Directions: Set down the lines below, exactly, starting at the one that contains "Mercedes C 200" and stopping at the last line, inclusive. Omit pictures.

Record set:

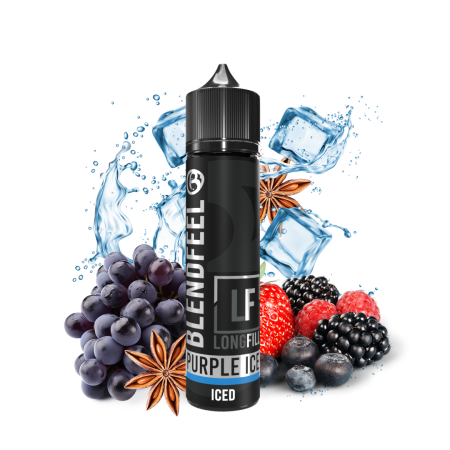Purple Ice - Longfill 20+40mL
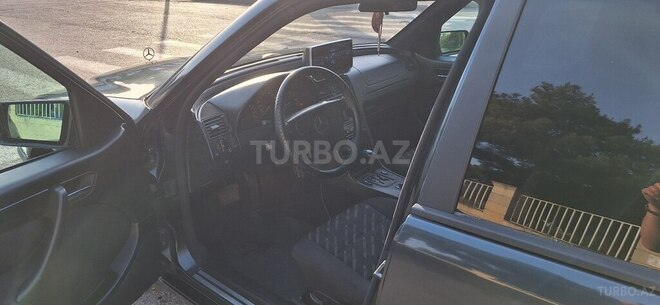 Mercedes C 200 1998, 548,500 km - 2.0 l - Bakı
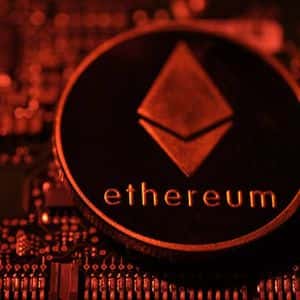 Ethereum Price Squeezed In Falling Channel – Bulls Eye Rebound To $4,788 If This Support Holds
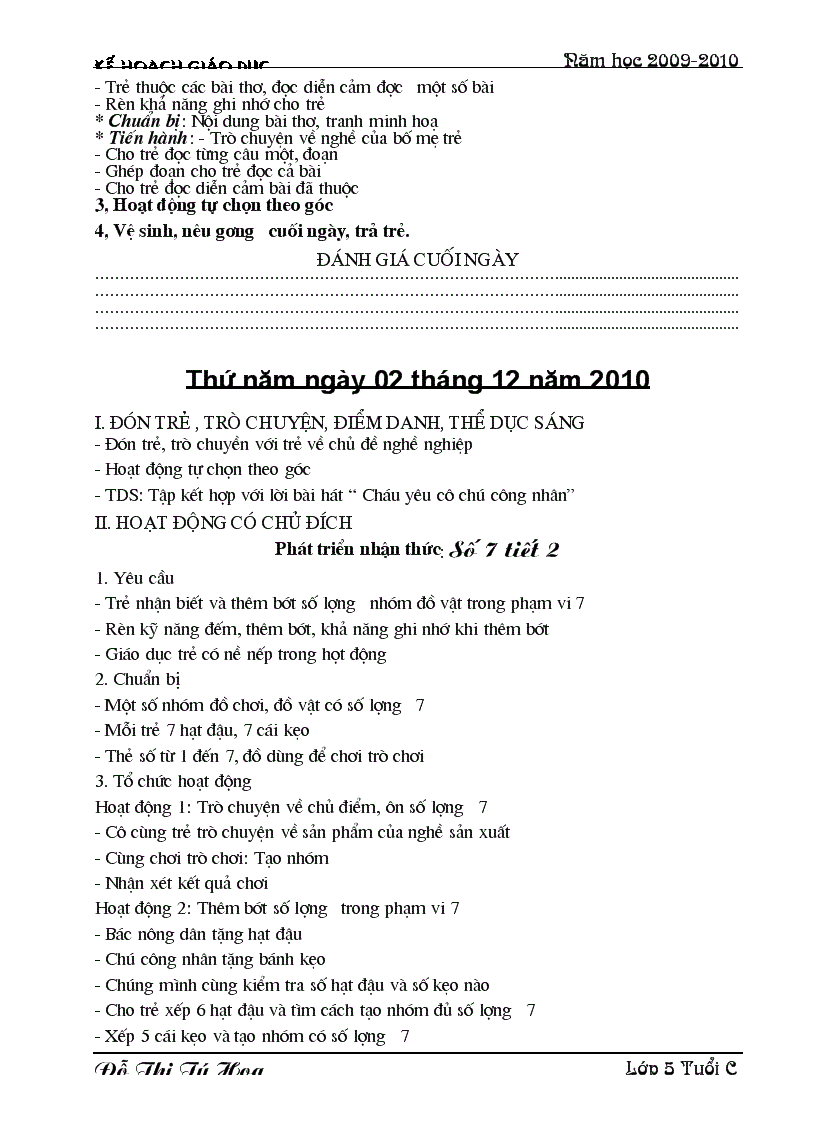 image for page Tháng 11 CĐ nghề nghiệp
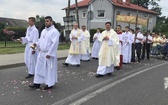 Boże Ciało w parafii NMP Wspomożenia Wiernych w Czechowicach-Dziedzicach - 2019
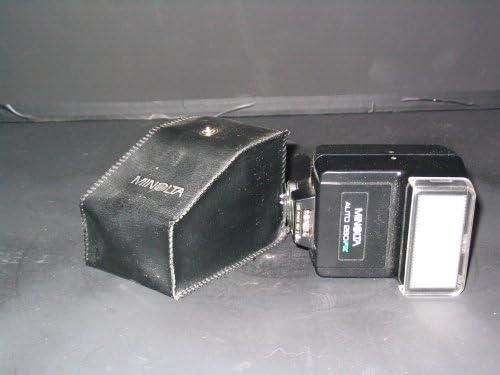 【中古】Minolta 280px自動ElectroFlash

Solution:
 Mercedes C 200 1998, 548,500 km - 2.0 l - Bakı
 Ethereum Price Squeezed In Falling Channel – Bulls Eye Rebound To $4,788 If This Support Holds
 image for page Tháng 11 CĐ nghề nghiệp
 Boże Ciało w parafii NMP Wspomożenia Wiernych w Czechowicach-Dziedzicach - 2019
 【中古】Minolta 280px自動ElectroFlash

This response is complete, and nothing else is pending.